It doesn't show ill-logic because to do that he would have to have a complete exegetical theology of prayer (in other words, that one passage would have had to be the ONLY passage to deal with on the issue) - which is WHY it is satire (nonsense). Instead, he did a simple "exegetical" idea into ONE passage, and came up with a fun story to read, but has no bearing whatsoever on the EP argument.

Again, the "satire" was funny, but not remotely biblically attainable.
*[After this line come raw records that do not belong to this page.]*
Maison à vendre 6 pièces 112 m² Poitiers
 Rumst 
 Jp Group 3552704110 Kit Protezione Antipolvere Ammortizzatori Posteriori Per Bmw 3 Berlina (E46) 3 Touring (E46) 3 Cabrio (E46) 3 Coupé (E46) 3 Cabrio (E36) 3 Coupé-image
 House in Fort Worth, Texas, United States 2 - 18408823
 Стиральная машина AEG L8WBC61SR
In other words, exegetes do not have to deal with it because it is fiction.


----------



## doulosChristou (Aug 1, 2005)

> _Originally posted by webmaster_
> 
> A+ for effort though.



Thanks!



> _Originally posted by webmaster_Mocking, though, is not nice.
> Job 12:4, "I am as one mocked of his neighbour."
> Romans 13:9, "You shall love your neighbor as yourself."



A bit of friendly teasing, but no mocking or scoffing directed at you, brother.


----------



## C. Matthew McMahon (Aug 1, 2005)

No problem brother.


----------



## toddpedlar (Aug 1, 2005)

> _Originally posted by webmaster_
> You're not comparing apples and oranges, you're satiring apples, spaghetti and sushi.



For a minute there, I thought you were going to let loose with some verse quoted from the Apocryphal Prophecy of Jacque Pepin, which some interpret as "food, food, and food"...

Todd


----------



## LawrenceU (Aug 1, 2005)

Hee, hee, hee


----------



## C. Matthew McMahon (Aug 1, 2005)

> _Originally posted by toddpedlar_
> 
> 
> > _Originally posted by webmaster_
> ...


----------



## pastorway (Aug 1, 2005)

that is the most clever thing posted in a long while.....

thanks!

I do hope though that none of our resident keyboard theologians adopt this new doctrine after accepting your hermeneutic.......I really do not want to get into that argument!



[Edited on 8-2-05 by pastorway]


----------